The Data Brokering sublayer is charge of feed the persistence and processing phase, where main actors are the ORION Context Broker and Apache Kafka. The FIWARE Orion Context Broker is an implementation of the Publish/Subscribe Broker Generic Enabler, able to manage the entire lifecycle of context information including updates, queries, registrations, and subscriptions. It based on NGSI-LD server implementation to manage context information and its availability. This GE allows to create context elements and manage them through updates and queries, and to subscribe to context information receiving a notification when a condition is satisfied, for example in case of context change. Apache Kafka is a widely used event streaming platform able to publish (write) and subscribe to (read) streams of events, including continuous import/export of data from other systems; store streams of events durably and reliably for as long as needed; process streams of events as they occur or retrospectively.
Data Persistence and Processing
The core part is storing the data collected and processing them. In the following, a list of main FIWARE and Apache open-source components.

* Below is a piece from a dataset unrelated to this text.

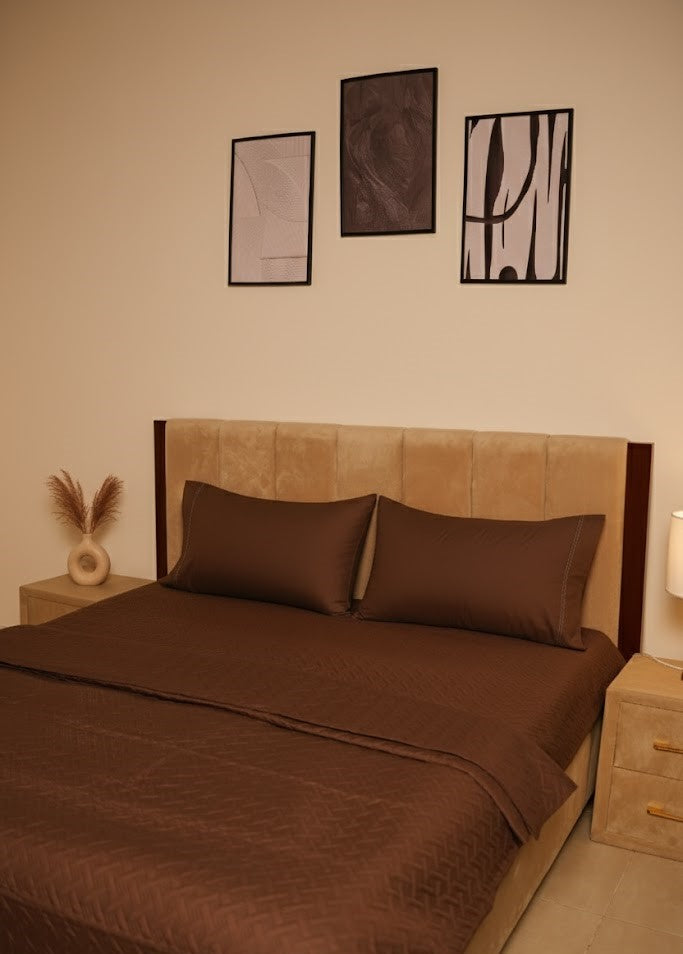 Ultra Sonic Brown Bedsheet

- Cygnus: is a connector with the scope to persist context data sources into third-party databases and storage systems, creating a historical view of the context. It is based on Apache Flume, which is a data flow system structured on the concepts of flow-based programming. Built to automate the flow of data between systems, it supports powerful and scalable directed graphs of data routing.
- Quantum Leap: is a Generic Enabler focused on persisting historical context data into time-series databases such as CrateDB with reference to maintaining a scalable architecture and compatibility with visualization tools such as Grafana.
- Draco: is a connector used to persist text data sources into other third-party databases and storage systems, creating a historical view of the context. Based on Apache NiFi, a popular framework for data management and processing from multiple sources, it connects the Orion Context Broker to a wide range of external systems such as MySQL, MongoDB etc. Another usage of Draco is filter and repost context data back into Orion.
- Cosmos: is a FIWARE Generic Enabler for big data analysis, it is composed of a set of tools (Orion-Flink Connector, Orion-Spark Connector, Apache Flink Processing Engine, Apache Spark Processing Engine, Streaming processing examples using Orion Context Broker) that help achieve the tasks of Streaming and Batch processing over context data.
- Apache Livy: is a service allowing easy interaction with a Spark cluster over a REST interface. Through it, can be easily submitted Spark jobs or snippets of Spark code, synchronous or asynchronous result retrieval, as well as Spark Context management, everything via a simple REST interface or an RPC client library. Apache Livy also simplifies the interaction between Spark and application servers.
- Apache Spark: is an open-source parallel processing framework for running large-scale data analytics applications across clustered computers. It can handle both batch and real-time analytics and data processing workloads. It's part of a greater set of tools, including Apache Hadoop and other open-source resources for today’s analytics community. In this way, it can be considered as a data analytics cluster computing tool. It can be used with the Hadoop Distributed File System (HDFS), which is a particular Hadoop component that facilitates complicated file handling.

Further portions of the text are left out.